Les insultes, les crachats, les menaces, « à la Cal’arbre, on est habitués », témoigne Nick*, pour qui ce climat détestable était « une trame de fond de la vie sur la ZAD ». Et ce, jusqu’au bout : jeudi soir, veille de l’évacuation, « deux types habillés en mode militaire sont venus sur le talus pour tirer des rafales d’airsoft avant de repartir ».
Un durcissement perçu et raconté par l’ensemble des actrices et acteurs du mouvement d’opposition à l’autoroute. « Une camarade du collectif s’est récemment fait arracher son appareil photo puis violemment bousculée par des vigiles d’Atosca sur le chantier, raconte Geoffrey Tarroux, membre du collectif La voie est libre (LVEL). Elle a déposé plainte mais ça a été classé sans suite ». Pour Marion, du collectif Puylaurens sans bitume, le tournant date de la mobilisation contre les projets autoroutiers, « Roue libre », qui s’est tenu les 7, 8 et 9 juin (voir notre reportage sur place). « Depuis, on constate une montée des tensions, observe-t-elle. Des villages sont scindés en deux, des gens ne se parlent plus. Nous avions des panneaux plantés dans le champ d’un membre du collectif, ils ont été violemment déterrés et jetés. Vu la rage avec laquelle ils ont tout arraché, on était content de ne pas y être quand ils sont passés… » Selon plusieurs sources, un quad a été observé à plusieurs reprises entre Puylaurens et Saïx ces derniers mois, tentant d’intimider des personnes qui se trouvaient à proximité du chantier. Une connaissance de Marion s’est fait « courser » par ce quad où se trouvait deux hommes. « Il y a ce qui se dit aux informations mais aussi tous ces petits faits que les gens savent et qui font peur, témoigne Marion. Certains ont déjà préféré quitter le collectif, on craint que ça dégénère, notre sentiment aujourd’hui, c’est vraiment l’inquiétude… »
Le spectre de Sivens
Le 8 juin, alors que la manif’action Roue libre rassemblait l’essentiel des forces militantes du côté de Puylaurens, deux quads, encore, puis des moto-cross sont passés devant la ZAD de la Cal’arbre à une vingtaine de kilomètres de là, raconte Nick* qui s’y trouvait. « Ensuite, en plein après- midi, un utilitaire est passé, porte latérale ouverte avec un gars qui balançait un liquide inflammable vers nous avec une sorte de jet sous pression. Le passager a mis un coup de briquet, incendiant la haie, le pied des arbres et l’entrée… », poursuit-il.

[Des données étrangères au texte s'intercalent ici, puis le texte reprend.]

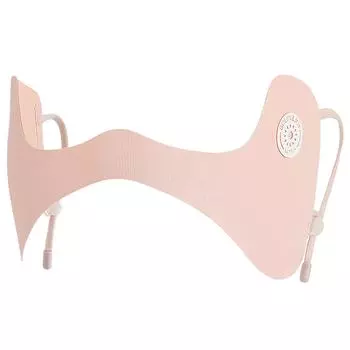 Солнцезащитная маска для защиты глаз, УФ-защитная маска для глаз для женщин и мужчин (розовый) D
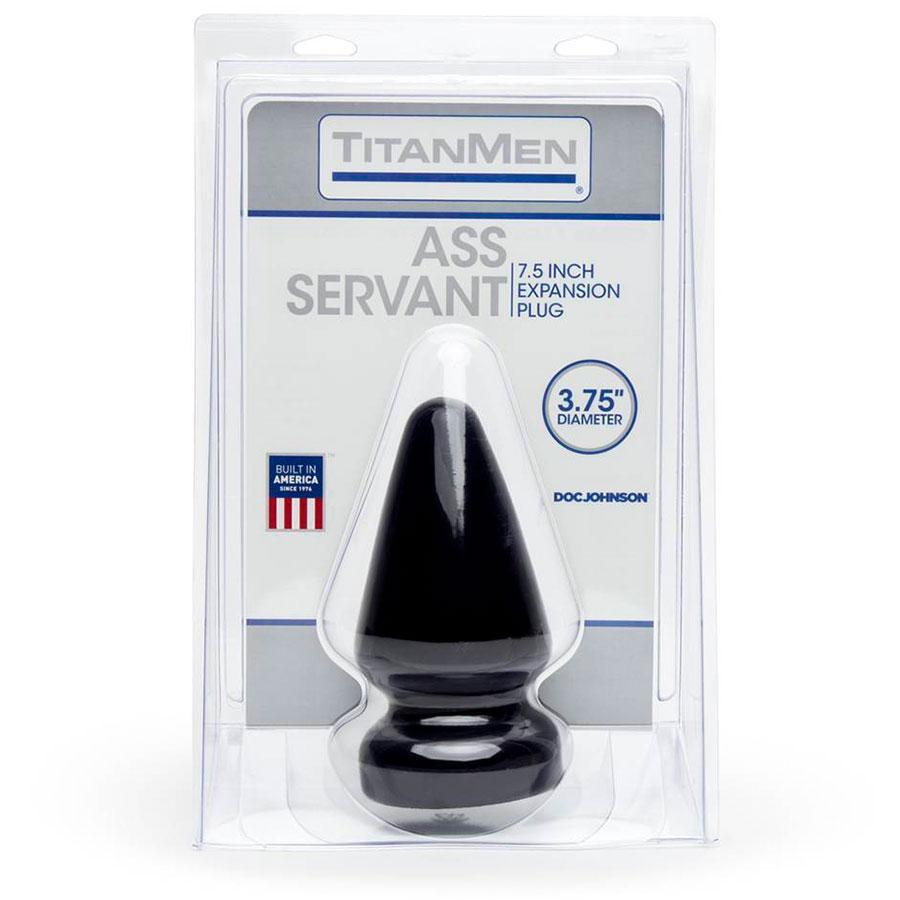 Ass Servant Huge 3.75 Inch Wide Butt Plug and Anal Stretcher by TitanMen、mySite、bottomscart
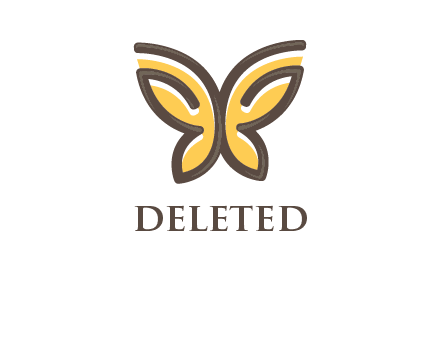 butterfly outline logo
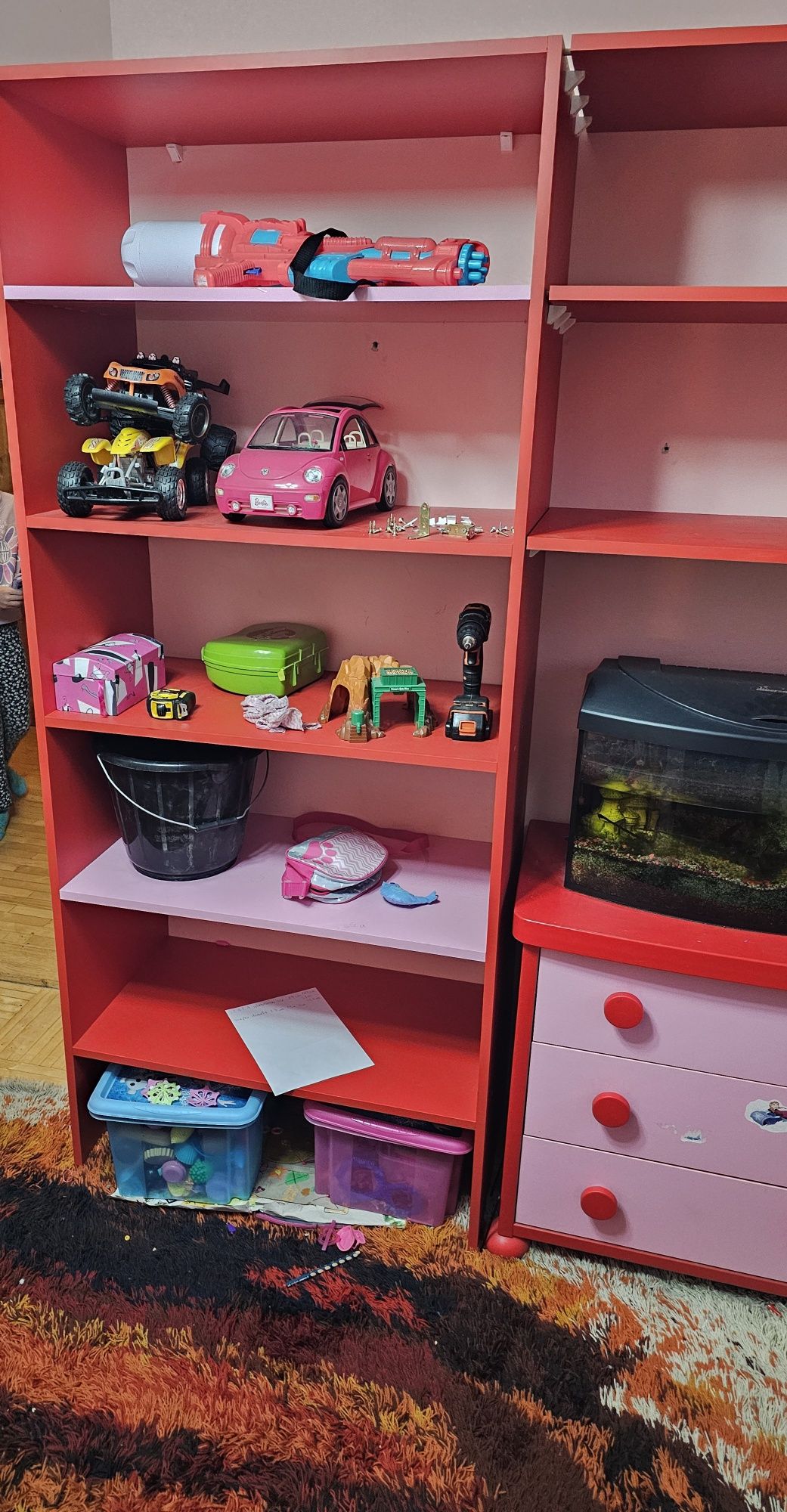Zestaw mebli dla dziewczynki Ikea Mammut.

« Parasites », « voyous », « écoterroristes » ou « puent-la pisse », sur les réseaux sociaux, la sémantique à laquelle recourent les pro-autoroute pour qualifier les opposant·es est au niveau. Et à chaque action de sabotage, le ton monte. « Je pense que ça ne peut pas finir autrement qu’avec un drame s’il n’y a pas de moratoire, s’inquiète Geoffrey Tarroux*. Le niveau de frustration aujourd’hui est extraordinaire. Si l’État était un peu scrupuleux sur l’environnement, Atosca paierait très cher pour toutes les mises en demeure non respectées, les manquements, les retards cumulés aux étapes clefs du projet… Mais rien ne se passe. On nous accuse de violences alors qu’on vit au quotidien sur un territoire dévasté par une entreprise qui ne respecte aucune décision de justice… Et on n’entend jamais nos grands élus, Delga (présidente de la Région Occitanie), Ramond (président du Département du Tarn) ou Carayon (maire de Lavaur) dénoncer le non respect par Atosca des mises en demeure dont il fait l’objet »,* s’étrangle-t-il. Des élus prompts, en revanche, à hurler à la violence de « l’ultra-gauche » au moindre rassemblement anti-autoroute.
Claire Dujardin, avocate de militants zadistes de Sivens et de la famille de Rémi Fraisse, ce jeune militant tué le 26 octobre 2014 par la police lors d’une manifestation sur le site, connaît ce schéma. « À Sivens, des agriculteurs et des riverains s’étaient organisés en milice, à visage découvert, rappelle-t-elle. Et de manière assez parallèle à ce que l’on voit aujourd’hui sur l’A69, on avait des élus qui chauffaient leurs troupes contre les zadistes. Un sentiment d’impunité s’est développé avec un discours du type "on est sur nos terres, les autorités nous soutiennent mais la justice est trop laxiste, faisons le boulot ". On a le sentiment que 10 ans plus tard, le même scénario est en train de se répéter sur l’A69. En espérant que ça ne se terminera pas de la même façon… »
Le président d’Atosca Martial Gerlinger n’a pas répondu à notre demande d’échange. Interrogée sur le positionnement de l’entreprise par rapport aux graves attaques d’opposants observées ces dernières semaines, son attachée de presse nous a fait savoir par texto que « Atosca condamne toute forme de violences, comme celles dont sont victimes nos salariés, nos partenaires, notre outil de travail depuis des mois. »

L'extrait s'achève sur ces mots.